Good stuff, good numbers reflected in the share price... 






Unlike what's reported by NEA, and even worse reaction by the market...


----------



## barney (30 January 2020)

aus_trader said:


> Good stuff, good numbers reflected in the share price...




I thought that too Aus, then I had a squiz at the 4C which raised a couple of questions for a non-fundamental guy 

Their 4C shows Staff costs and manufacturing costs basically = the cash receipts for the Quarter which leaves them with admin etc costs of a $1 million … 

The current cash balance is basically the result of the recent $8 million cap raise so I assume there is still a way to go to become cash flow positive? 

Is that fair comment or are they travelling better than I am seeing?






aus_trader said:


> Unlike what's reported by NEA, and even worse reaction by the market...




So they drop their guidance by a minimal amount and get hammered by the market .... No wonder I have trouble with Fundamentals

ps i hope you didn't hold too many or any (preferably) with that reaction Aus?
​


----------



## aus_trader (31 January 2020)

barney said:


> I thought that too Aus, then I had a squiz at the 4C which raised a couple of questions for a non-fundamental guy
> 
> Their 4C shows Staff costs and manufacturing costs basically = the cash receipts for the Quarter which leaves them with admin etc costs of a $1 million …
> 
> ...




Yes I have to agree with you barney, that the cost of providing the services are high at the moment.
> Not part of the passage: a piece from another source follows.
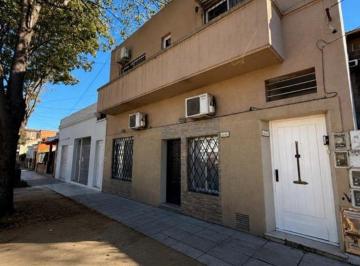 PH de 4 ambientes, Vicente López · Excelente PH de 4 Ambientes con Patio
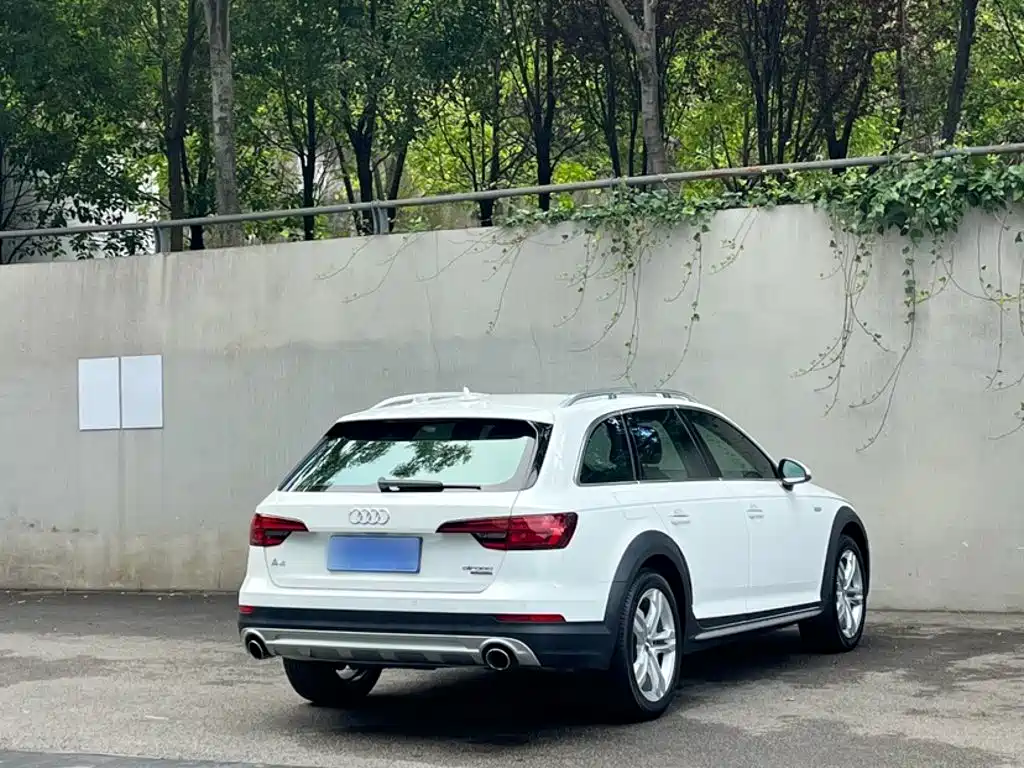 Audi A4 (Import) — фото 8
Not sure if these are somewhat fixed and can be minimised such that the margins can improve quickly if they win more business and grow revenues. What would be negative in my opinion is if they have a poor business model where their cost of providing the service grows in-line with the growth of revenues, making it very hard to reach break-even point. I did see encouraging comments from CEO about reaching cash flow positive...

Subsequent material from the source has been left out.